Instructions for the task: Below is a listing with pictures in it; transcribe exactly the lines from the one that has "After that, I" through the one that has "Without further ado, let's", and omit those pictures.

##### The data #####

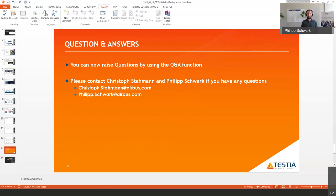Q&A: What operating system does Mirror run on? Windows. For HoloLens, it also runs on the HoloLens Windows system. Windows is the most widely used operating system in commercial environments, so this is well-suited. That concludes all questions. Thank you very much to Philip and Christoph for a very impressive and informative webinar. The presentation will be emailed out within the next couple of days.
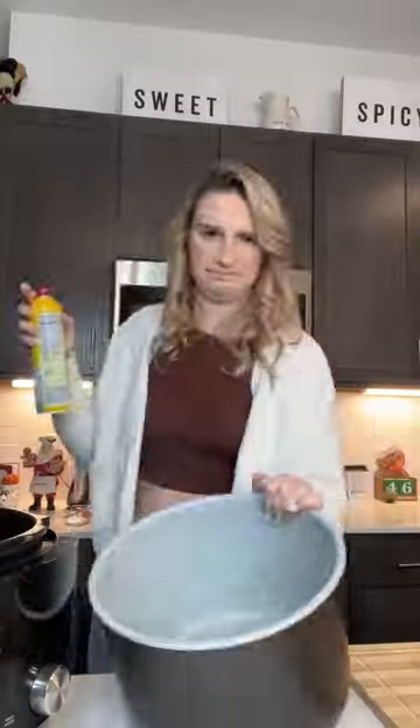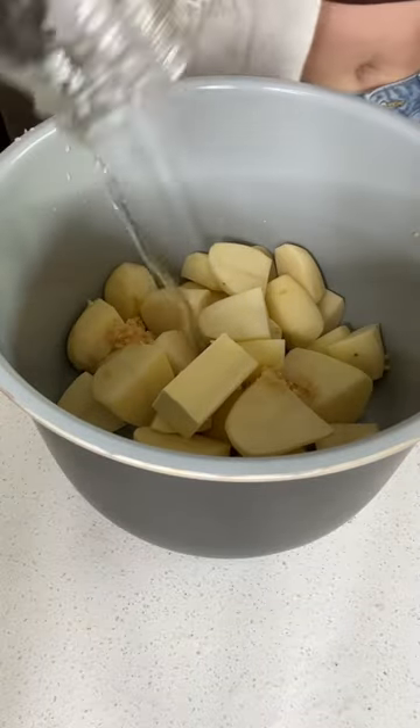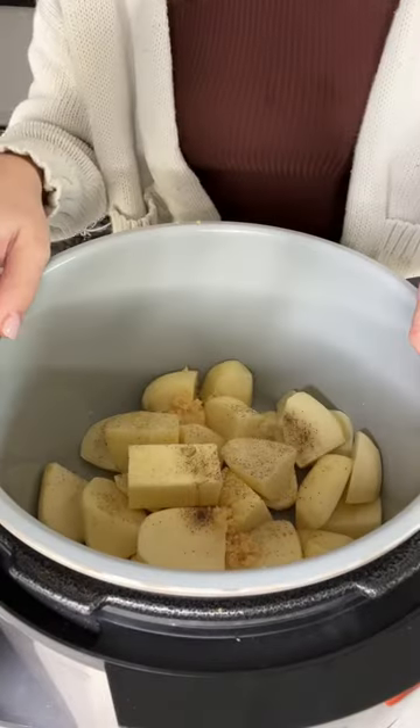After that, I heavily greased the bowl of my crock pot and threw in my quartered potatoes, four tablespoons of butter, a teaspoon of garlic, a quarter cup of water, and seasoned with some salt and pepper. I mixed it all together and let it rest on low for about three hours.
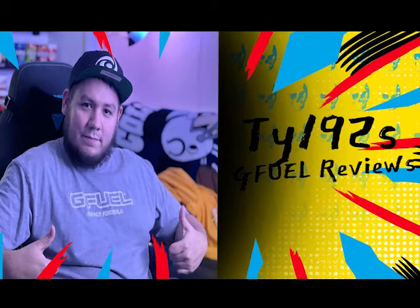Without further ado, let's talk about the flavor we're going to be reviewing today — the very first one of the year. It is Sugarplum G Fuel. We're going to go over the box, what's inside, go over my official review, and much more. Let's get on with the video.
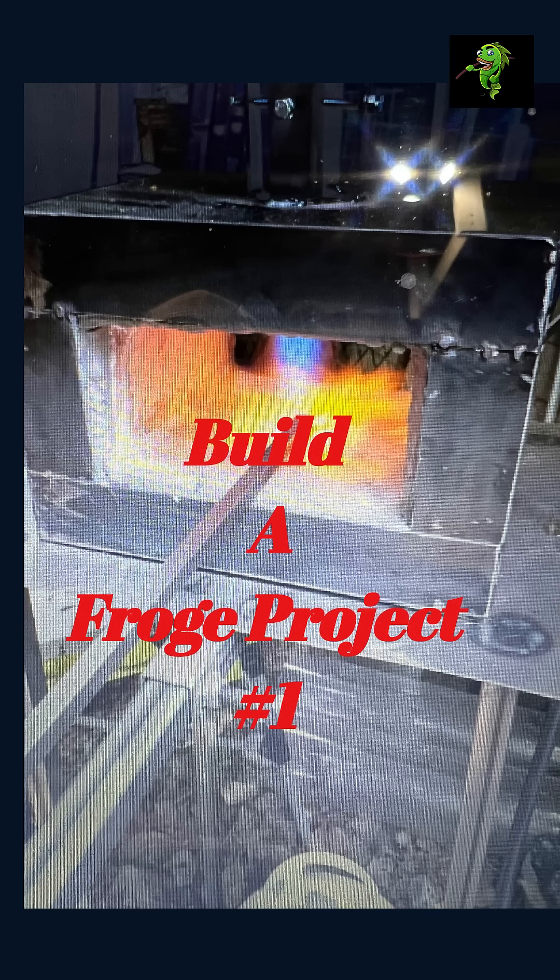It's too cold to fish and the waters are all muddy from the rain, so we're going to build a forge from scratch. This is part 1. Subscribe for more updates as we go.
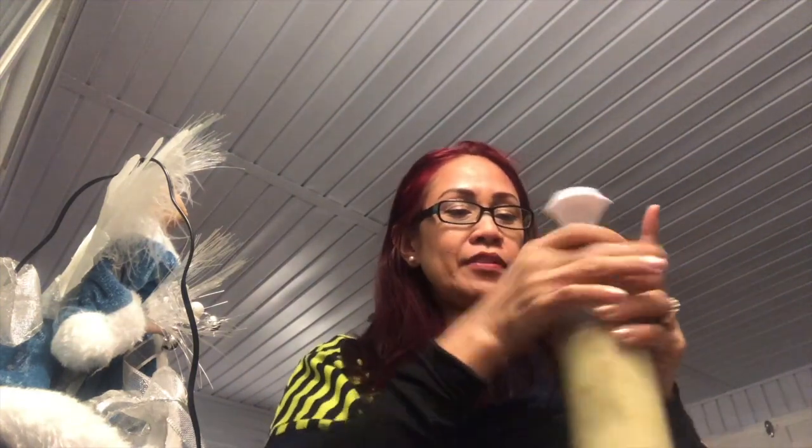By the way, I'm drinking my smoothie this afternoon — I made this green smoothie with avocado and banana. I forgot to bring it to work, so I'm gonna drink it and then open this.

#####

Result for this task:
After that, I heavily greased the bowl of my crock pot and threw in my quartered potatoes, four tablespoons of butter, a teaspoon of garlic, a quarter cup of water, and seasoned with some salt and pepper. I mixed it all together and let it rest on low for about three hours.
Without further ado, let's talk about the flavor we're going to be reviewing today — the very first one of the year. It is Sugarplum G Fuel. We're going to go over the box, what's inside, go over my official review, and much more. Let's get on with the video.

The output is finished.